Is education a tool by which we open doors to young minds, or attempt to indoctrinate them? How can education free someone, while also confining them? In what ways does education impact our understanding of citizenship? These questions all swirled around the Williamsburg Bray School.
When the Williamsburg Bray School opened its doors on September 29, 1760, it was the first official endeavor in Virginia to provide education for enslaved and free African Americans. Offering religious instruction in the Anglican tradition, the varied perspectives on Virginia Bray Schools were complicated and contradictory. Public historian and early colonial scholar Nicole Brown will explain the pivotal role these schools had on our understanding of the relationship between slavery, religion, and education prior to the American Revolution and the Second Great Awakening.
Bio: Nicole Brown is a scholar and interpreter of women in Virginia spanning from 1750 to 1800. Mrs. Brown graduated from William & Mary in 2013. Over the past seven years, the topics of religion, education, and slavery in Colonial Virginia have been the focus of her research. As of 2021, Mrs. Brown is completing an M.A. in American Studies at William & Mary. She is also the Bray School Lab Assistant.

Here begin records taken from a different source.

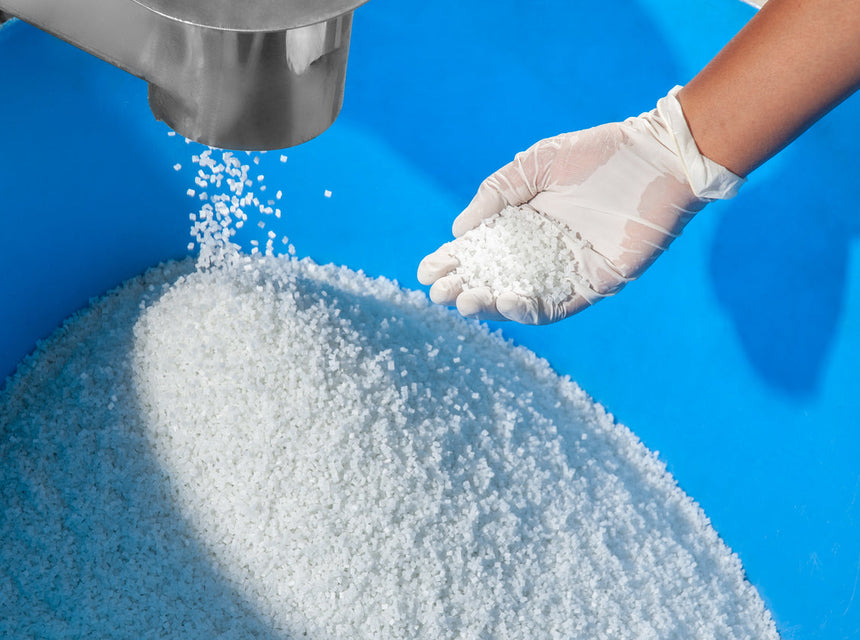 Sustainable Hygiene: How Recyclable PVC Is Shaping the Future of Clean Spaces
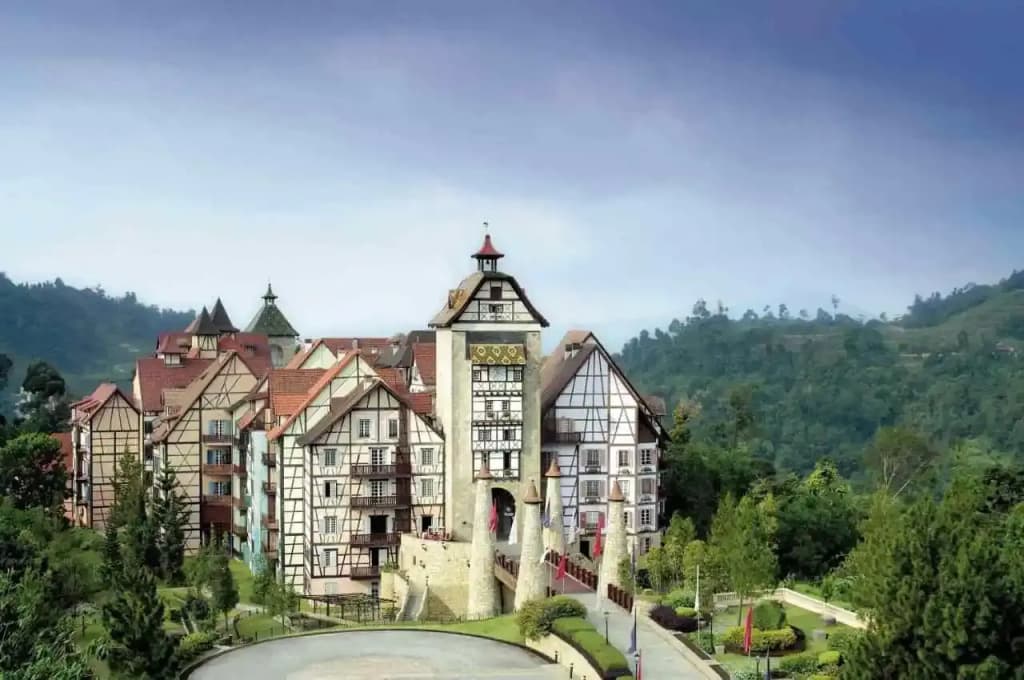 Colmar Tropicale - photo 11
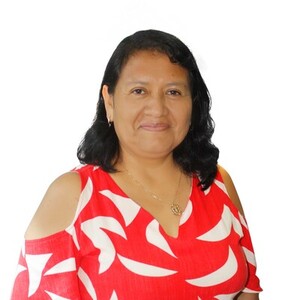 Rosa Marlene Florentino Espejo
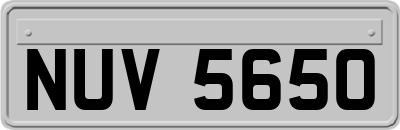 NUV5650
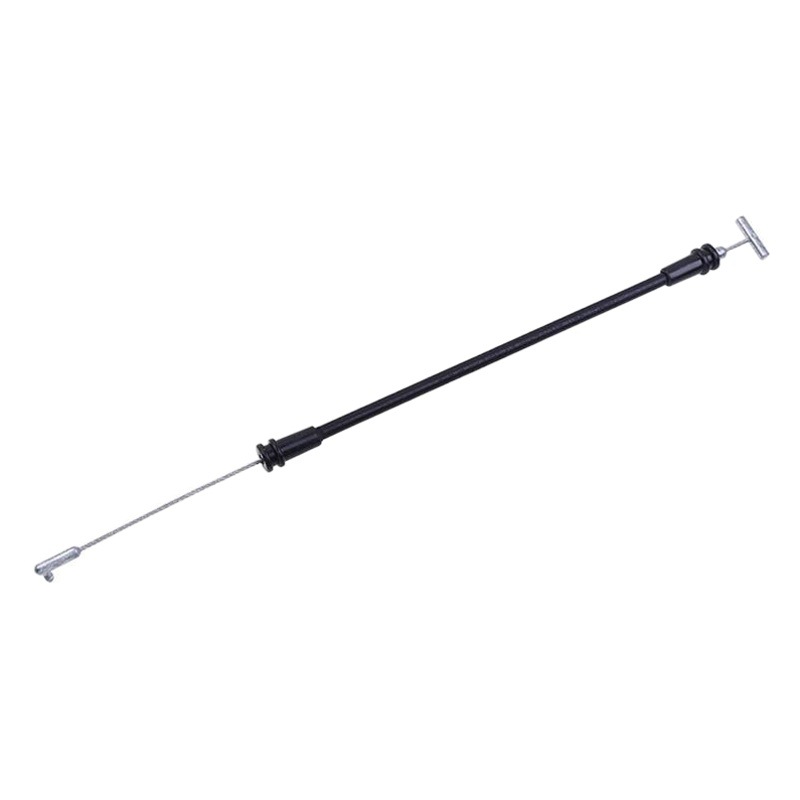 Aplicable a Mercedes-Benz smart forfour 454 coche manija exterior cerradura tire de alambre izquierda y derecha a4547230169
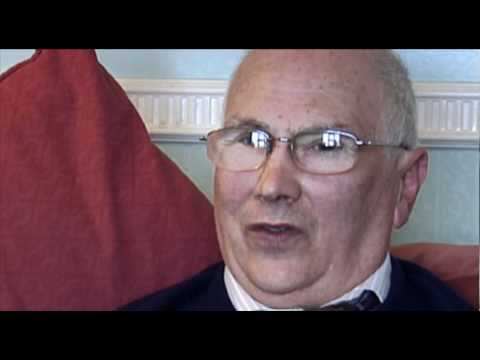 Borderline - Escaping Fascist Spain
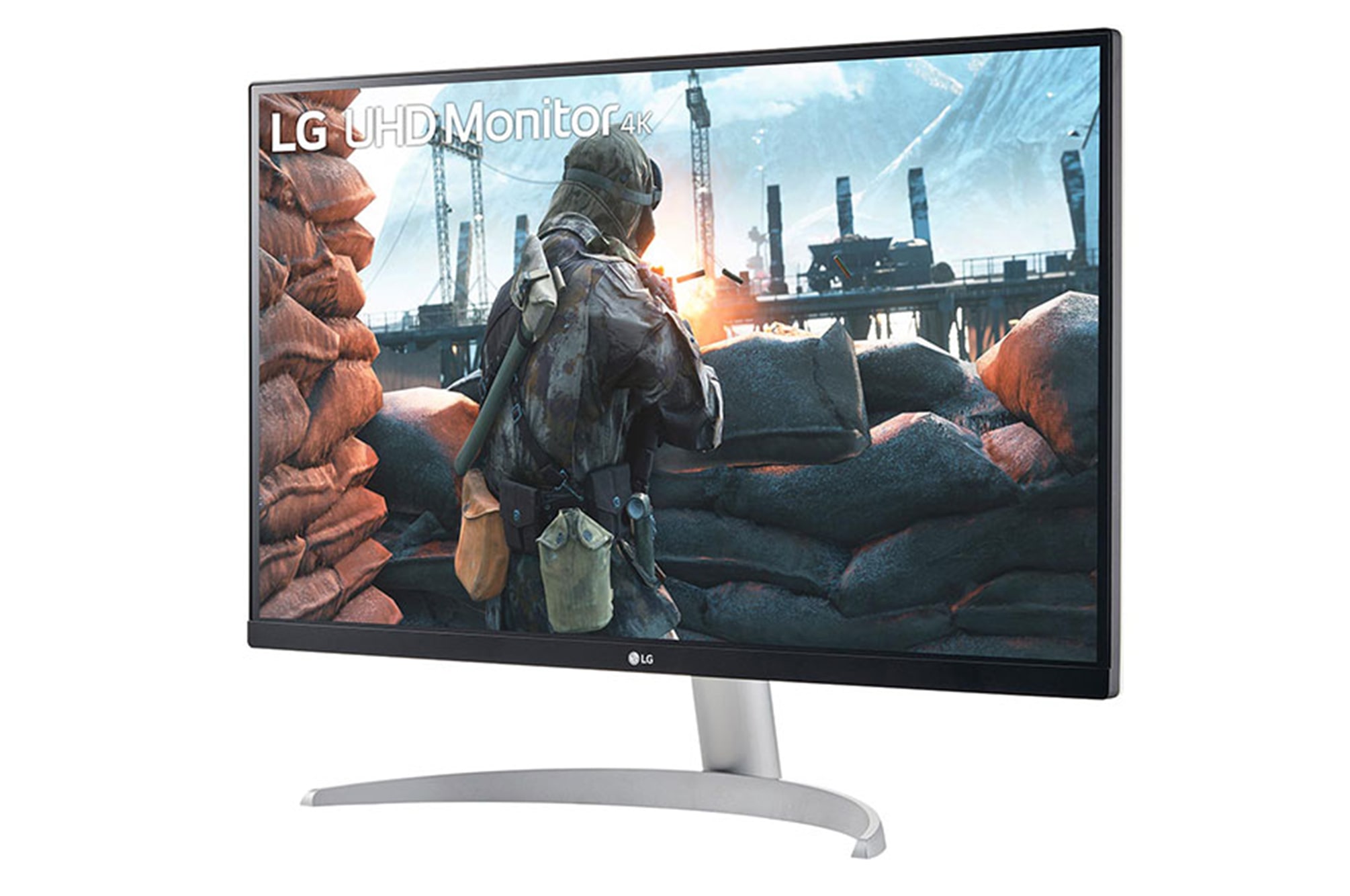 LG UltraFine Display 27UP600K 27インチ LG Ultrafine 27 inch 4K UHD (3840x2160) IPS Monitor, USB-C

Her work as a public historian has taken her across the globe. In 2017, Nicole was awarded a short-term Fellowship at the International Center for Jefferson Studies in Charlottesville, Virginia to research eighteenth-century women’s education. Mrs. Brown also spoke in Reims, France at the 2018 National Association for Interpretation’s annual conference regarding the efficacy of using character interpretation to discuss challenging topics. In January 2019, she was awarded a Gonzales Grant by The Colonial Williamsburg Foundation to visit the University of Oxford, studying the Associates of Dr. Bray and the Church of England’s involvement in enslaved education across Colonial America.